# Mapmaking Discussion & Philosophy (WIP/Critique) > General and Miscellaneous Mapping >  LASCA, my first posted map

## Domino44

This is one of my favorite maps that I have done. I sat down at the computer and just did it, I didn't have to think about it, I could feel it. I wanted to post it and see what anyone else would think of it. Please comment.

----------


## Meshon

Hey, I like the simple gradient you used to colour your map. You might think some more about where your rivers come from; at the moment they seem to be coming from the plains, rather than mountains which is more usual. Of course, in fantasy worlds all kinds of interesting things can happen!

What software are you using to make your maps?

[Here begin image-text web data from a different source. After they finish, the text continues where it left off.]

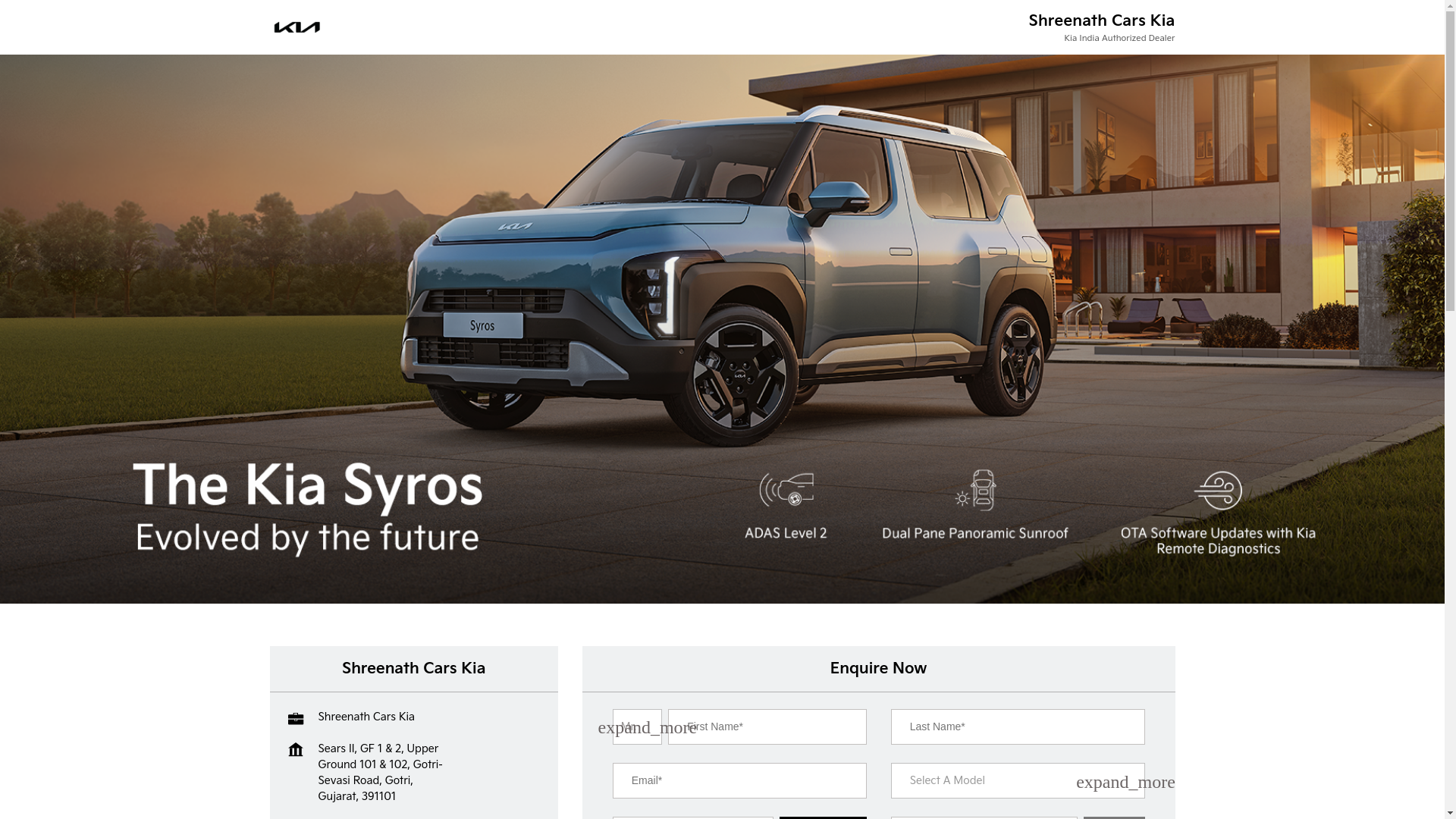 website screenshot of https://shreenathcars-kia-gotri-vadodara.com/
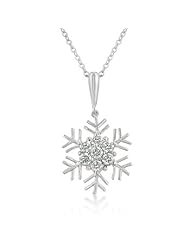 Alexander James White Gold Rhodium Bonded Snowflake Inspired Pendant with a Cluster of Round Cut Clear Cubic Zirconia Accents in a Silvertone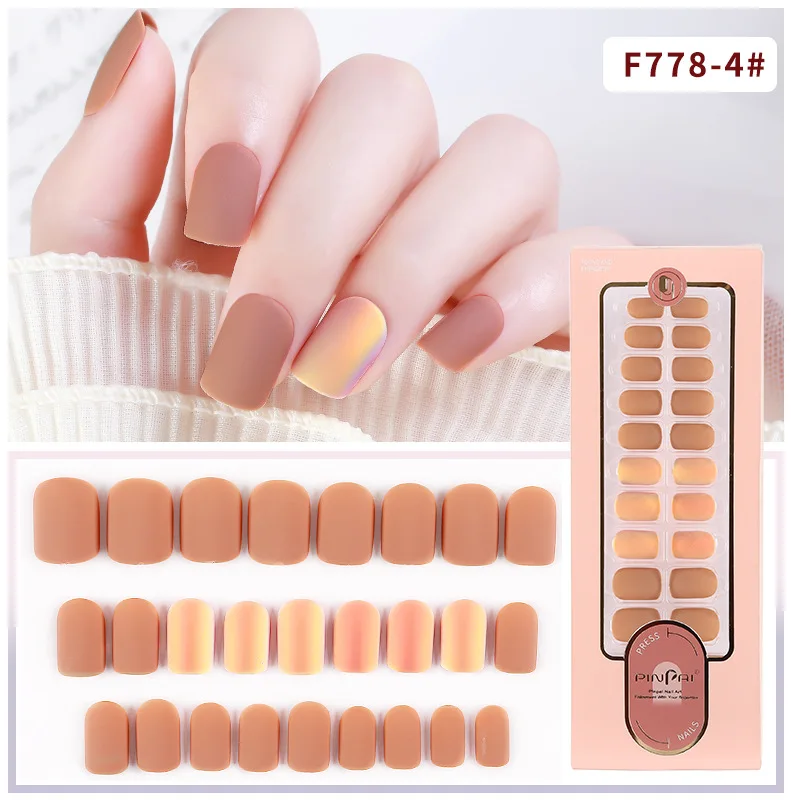 

30PCS Removable Fake Nails Short Nails Full Cover Fake Nails French Nails Extension Nails Nail Decor Artificial False Nails Tip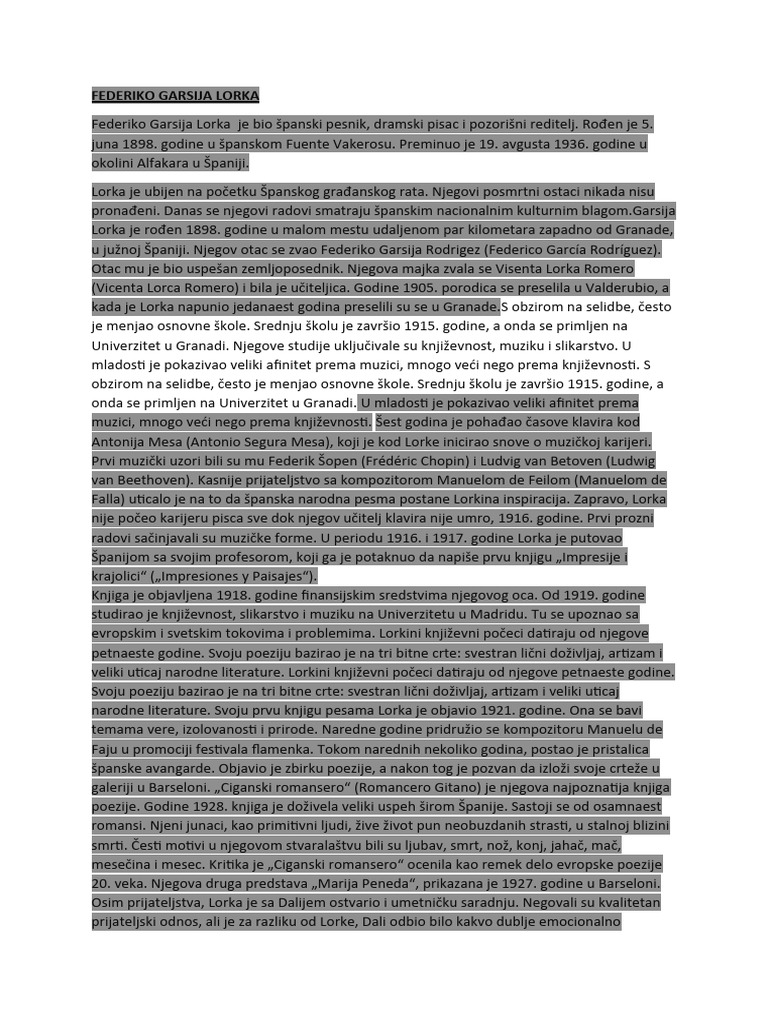 Federiko Garsija Lorka | PDF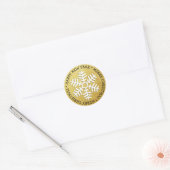 Rond Sticker de Noël Joyeux Snowflake Gold (Enveloppe)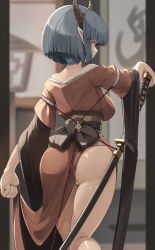 1girl ass backboob bare_shoulders blue_hair bob_cut borrowed_character breasts cameltoe character_request clothes_lift commission feet_out_of_frame from_behind genek highres horns japanese_clothes katana kimono kimono_lift large_breasts looking_at_viewer looking_back nape original panties pixiv_commission pointy_ears red_eyes short_hair skirt skirt_lift solo sword thigh_gap thighs underwear weapon white_panties wide_sleeves rating:Sensitive score:63 user:danbooru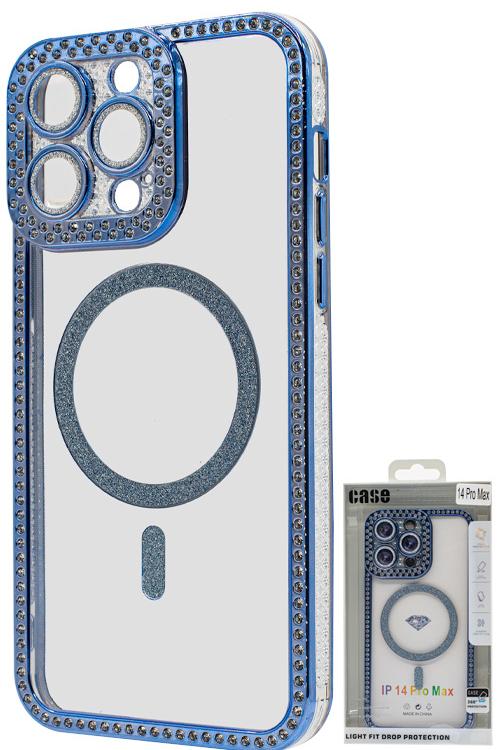 Iphone 14 Pro Max Bling Mag Case Wholesale Blue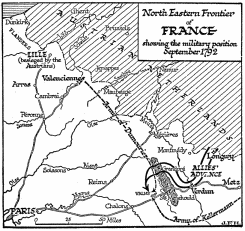 North Eastern Frontier of FRANCE showing the military
position September 1792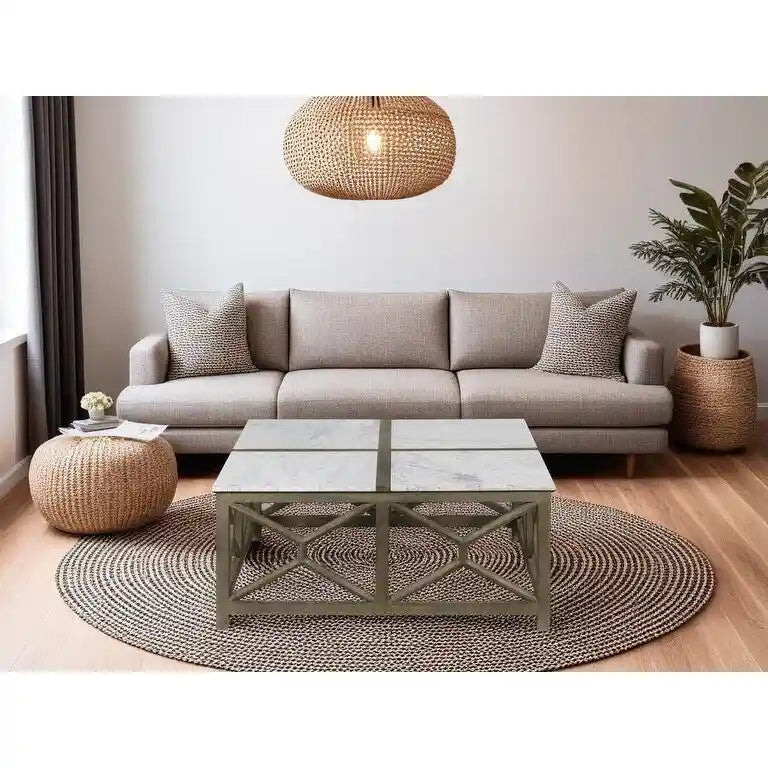 Tavolino da caffè Agas, piano quadrato da 40 pollici in vero marmo bianco, struttura geometrica in legno di mango grigio cenere sabbiato lavato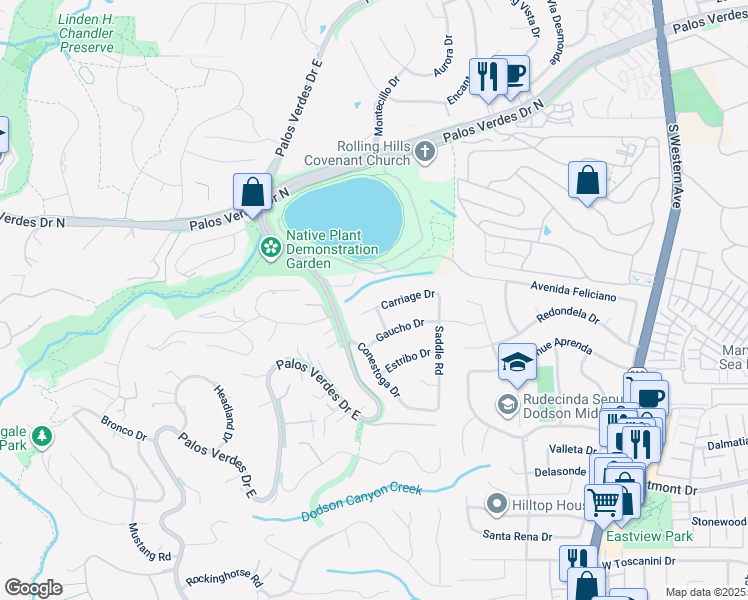 map of restaurants, bars, coffee shops, grocery stores, and more near 2287 Carriage Drive in Rolling Hills Estates
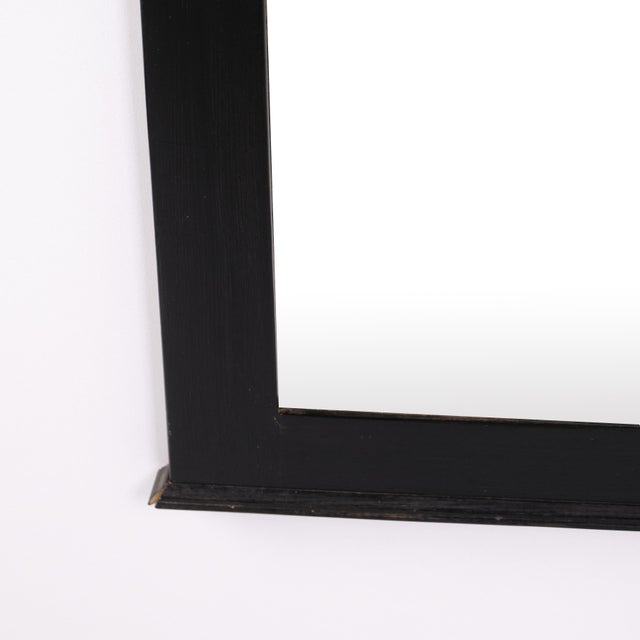 Mirror with Black Painted Pine Frame, 1940s For Sale - Image 4 of 7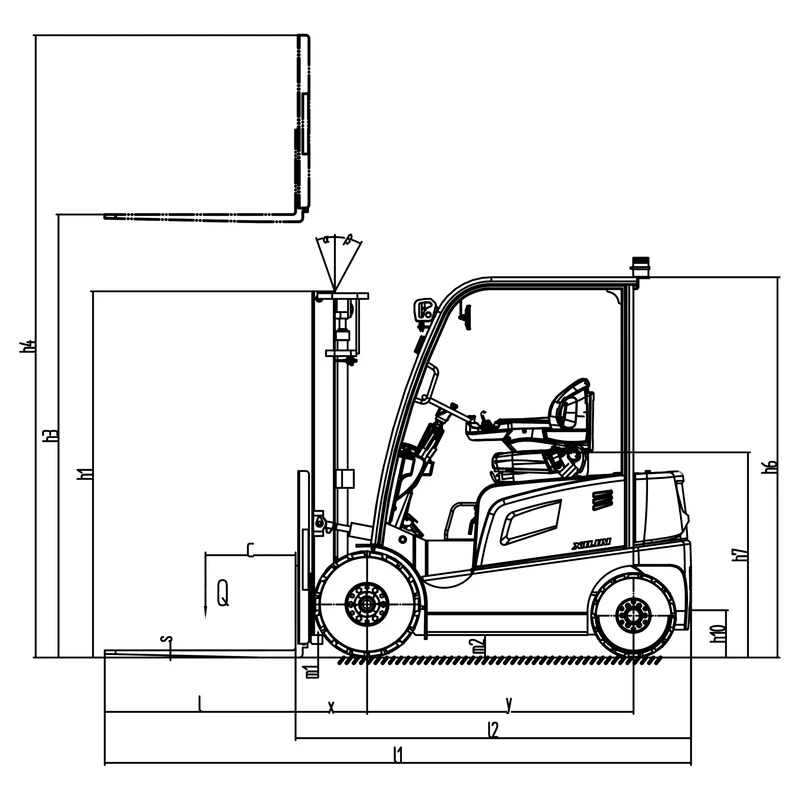 Carrello elevatore elettrico Full AC ECV16S-ECV35S con montante di sollevamento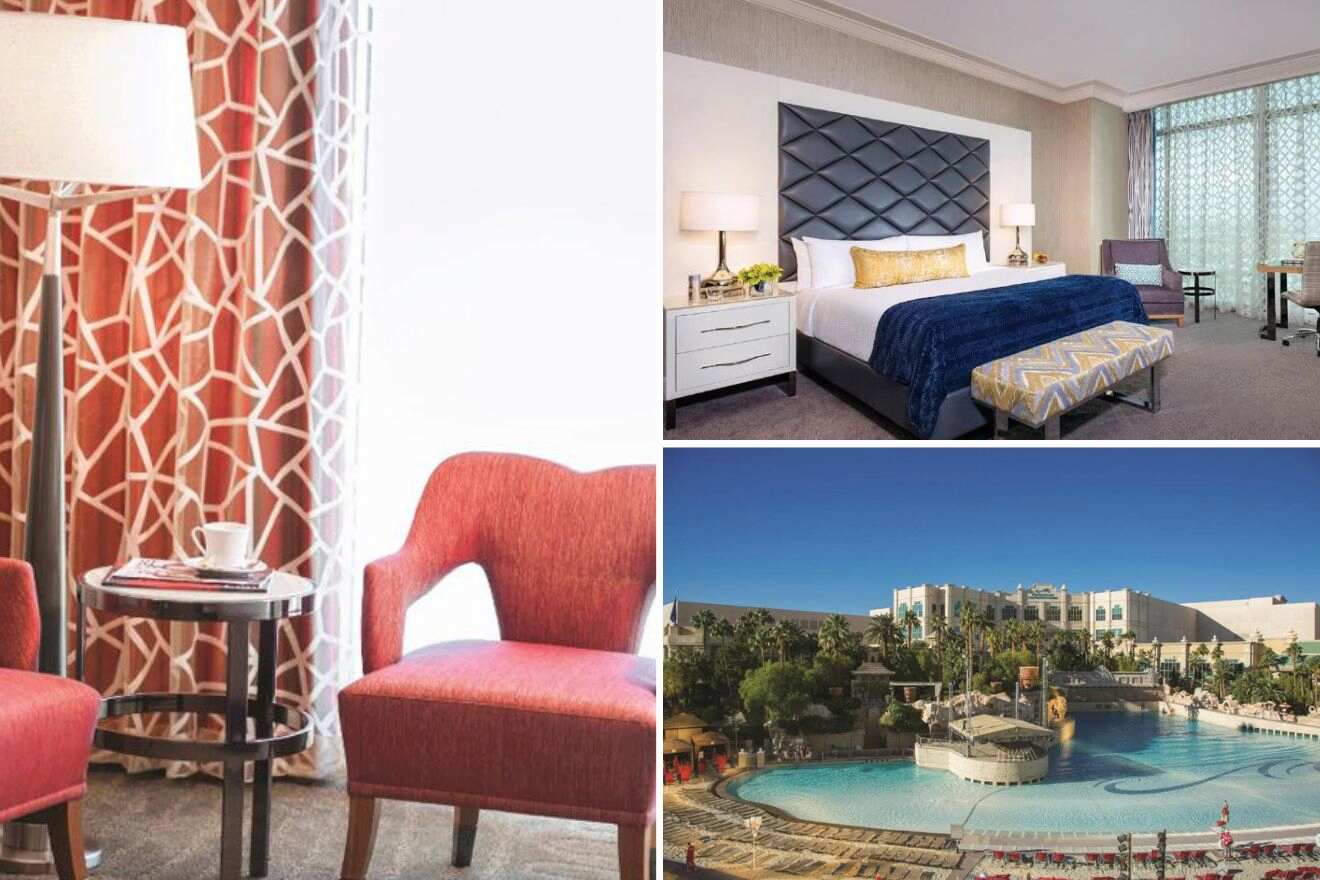 collage of 3 images with: bedroom, pool area and couch with floor lamp and a table by a window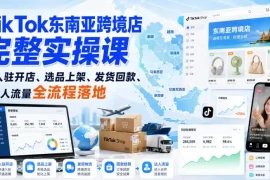 TikTok东南亚跨境店完整实操课｜入驻开店、选品上架、发货回款、达人流量全流程落地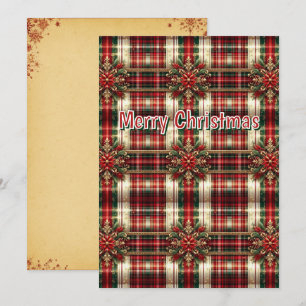 Cartes Pour Fêtes Annuelles Customisé Red Green Gold Festive Plaid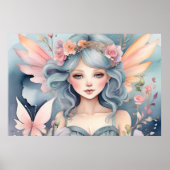 魔法の妖精 フラワル AI アート 水彩画 ポスター (正面)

I noticed that the pixels are visible, so you could also try working at a higher resolution.

Keep your maps coming, and thanks for sharing them!

cheers,
Meshon

----------


## Domino44

Thanks, The Reaching river actually turns into a under ground river that channels into the Dragon Claw lakes and beyond. 

For this map I didn't have access to photoshop so out of desperation I found an online photoshop type thing called picmonky. It was not easy to do this map and I did not do it the easy way, it took a lot of creative thinking. That is most likely why it isn't in the best quality. 

Thank you so much for replying and thanks for your input.  :Smile:

----------